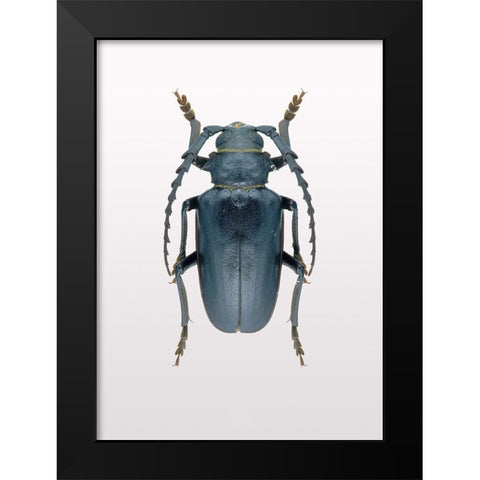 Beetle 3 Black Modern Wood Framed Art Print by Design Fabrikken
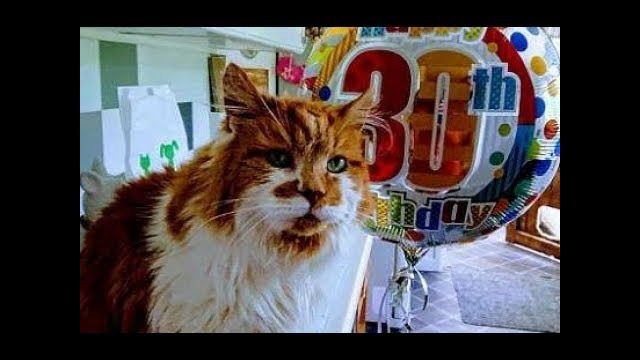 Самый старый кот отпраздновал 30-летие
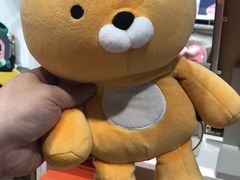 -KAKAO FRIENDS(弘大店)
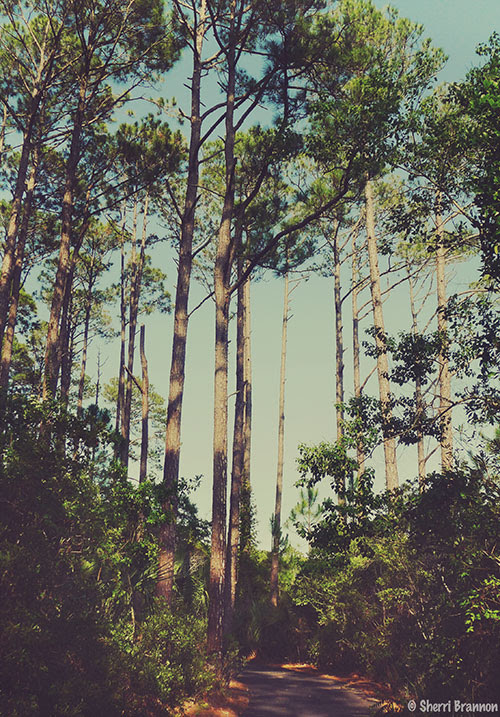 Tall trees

——

REQUIRED WORK: Copy the data above word for word. Pictures stay out.

FINISHED EXERCISE:
 Beetle 3 Black Modern Wood Framed Art Print by Design Fabrikken
 Самый старый кот отпраздновал 30-летие
 -KAKAO FRIENDS(弘大店)
 Tall trees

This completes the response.